Gaethje will try to close the distance on you and start firing off bombs. He isn’t super interested in defending himself, and in most of his fights he’ll just sort of try to outslug his opponents. That was apparent in the Vick fight, when he steadily walked him down before landing an overhand right and ending the fight right there.

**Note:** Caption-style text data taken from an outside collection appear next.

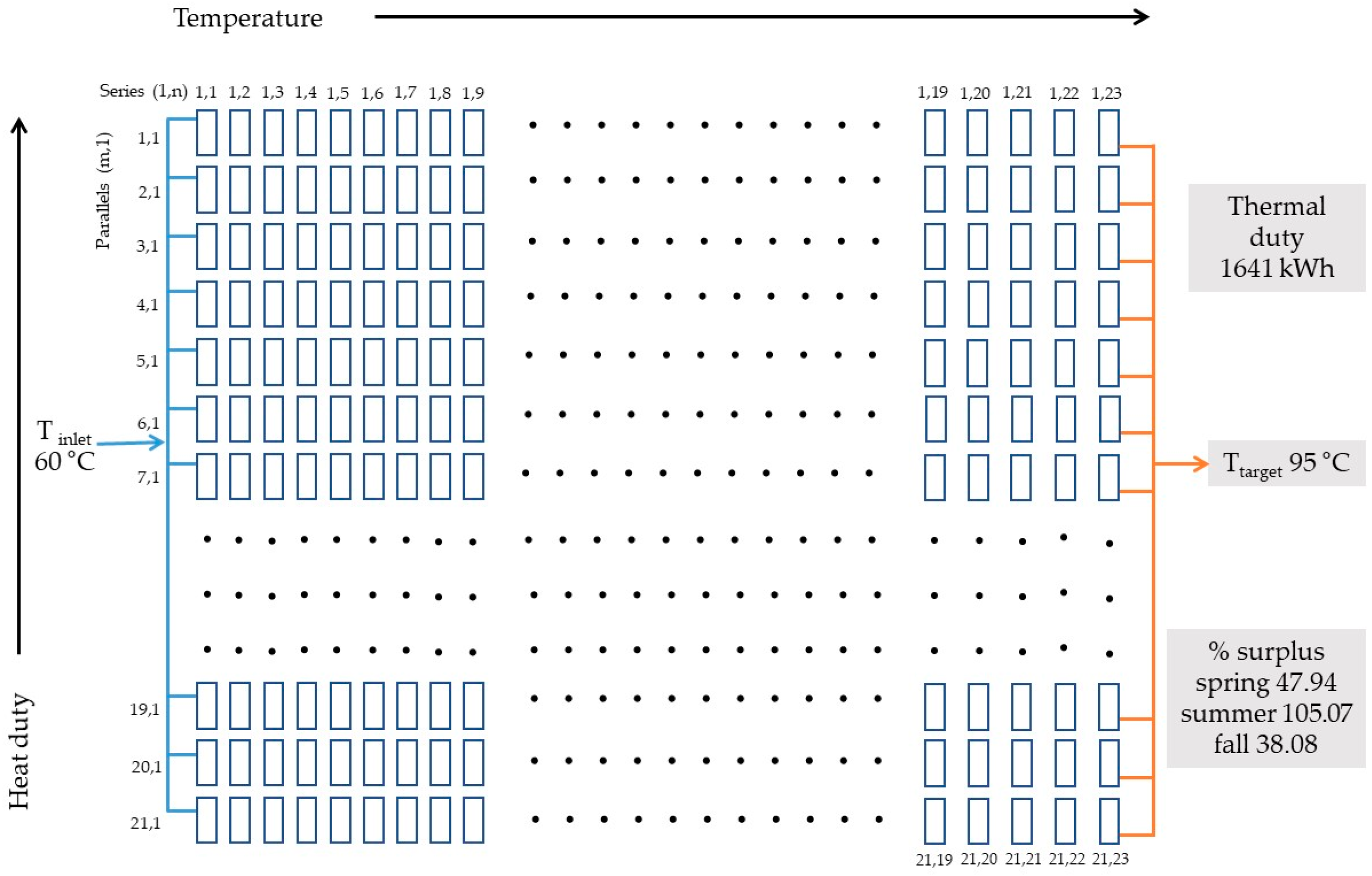 Energies 12 00570 g013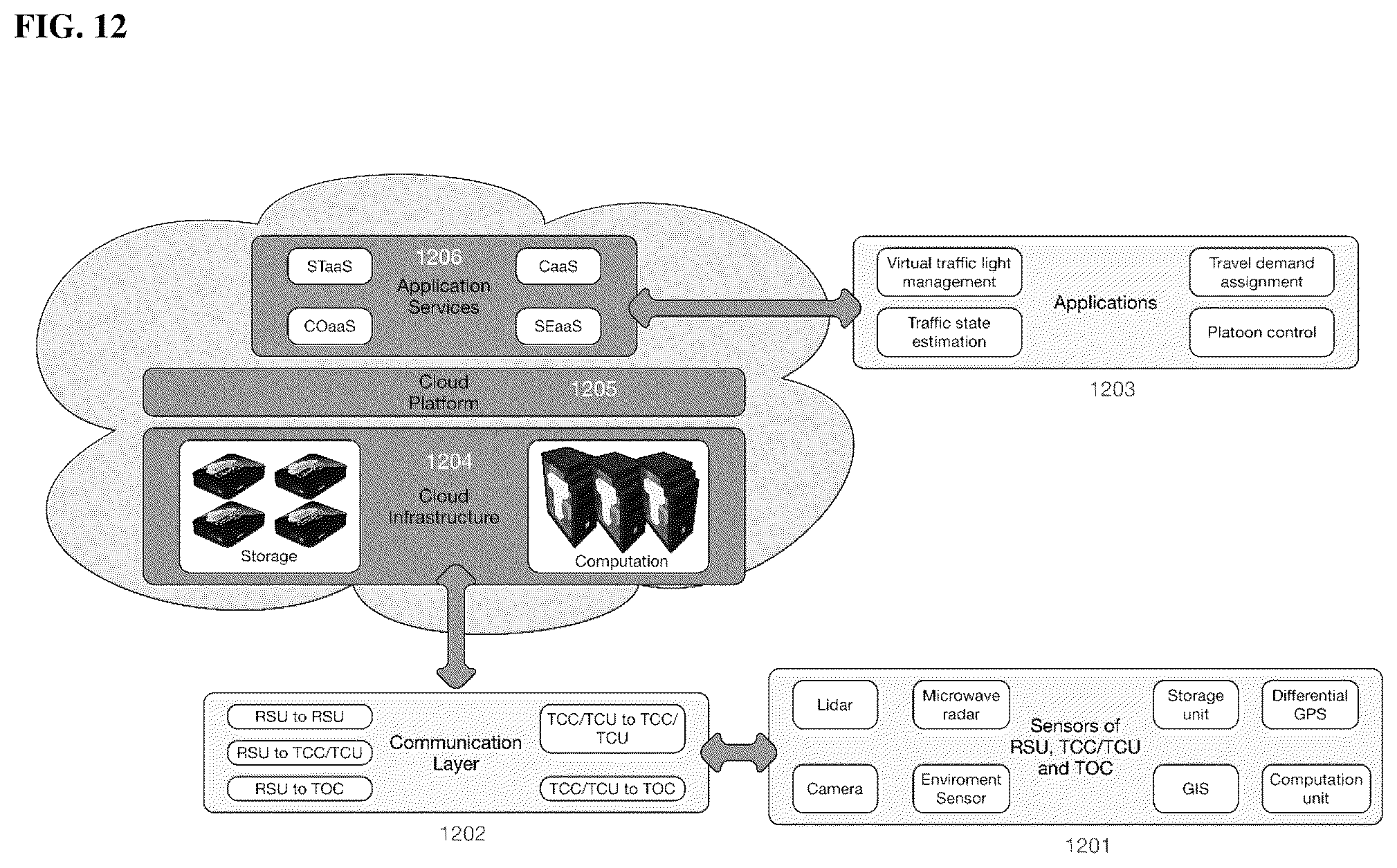 Patent US12327471 Figure 12 – Vehicle AI computing system (VACS) for autonomous driving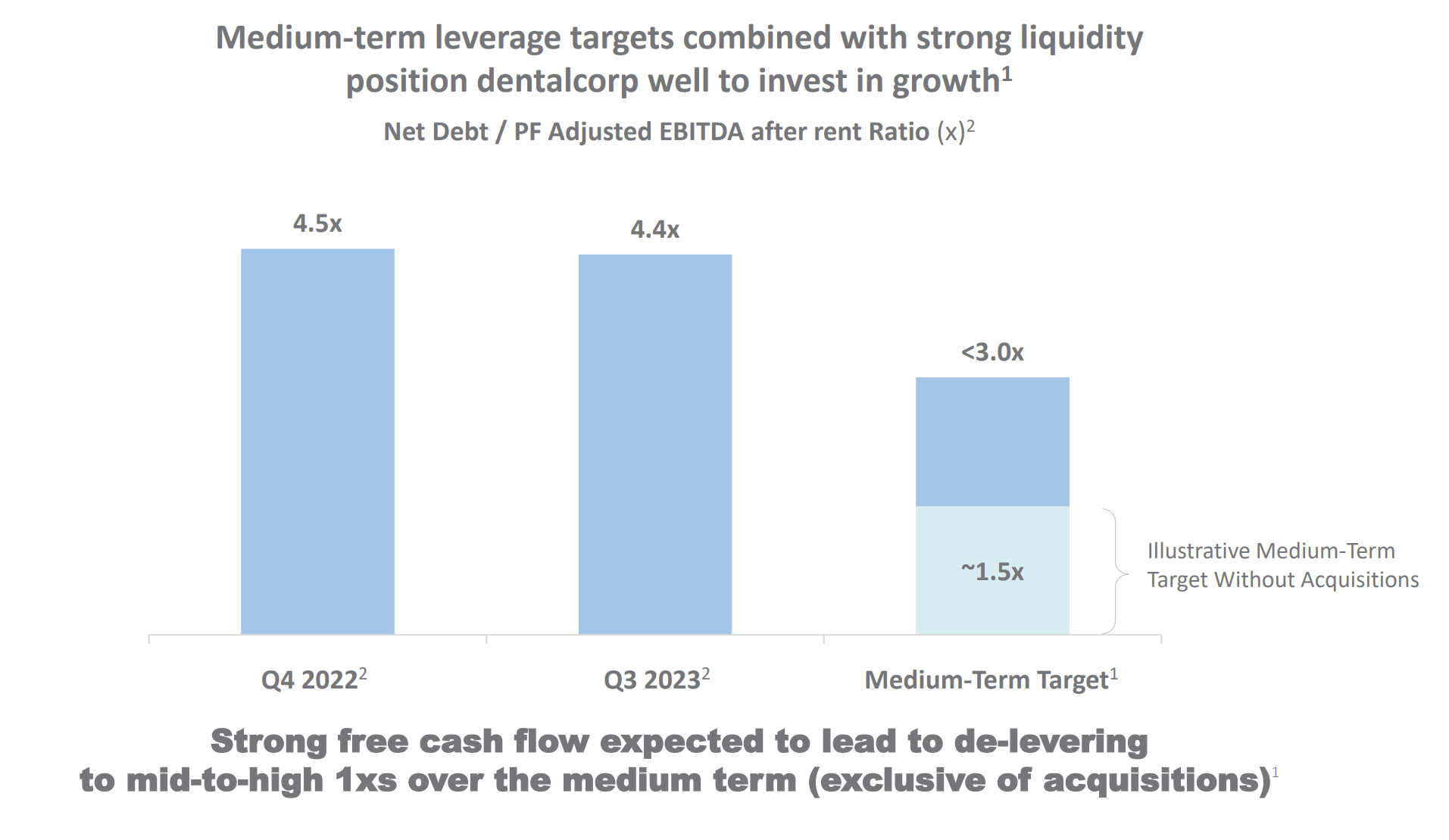 Rent The Runway's IPO: The Good, The Bad, The Ugly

He also has a similarly nasty kicking game, maybe the 1b if Barboza is UFC’s 1a. Typically, he’ll throw leg kicks to start, make opponents forget about their head and body, and then start coming in high as he closes the gap. He did a good job of limiting damage and finishing the Vick fight early, but when the Poirier and Alvarez fights went into the third and fourth round, he got tired, took too much damage, and both fighters just started throwing desperate haymakers:
Barboza’s recent losses both came to guys who were successfully able to close the distance, negate the leg kicks, and wrestle him to the ground. That was interesting to me, since Edson does have pretty good takedown defense, but Lee and Khabib are both high-level mat guys, so they made it look incredibly easy. The consensus seems to be that Barboza will benefit from working at range while Gaethje will try narrowing the gap. Gaethje’s MMA career has been focused on striking, but he does have a wrestling background and can lean on that to tie down Barboza and steal a round or two.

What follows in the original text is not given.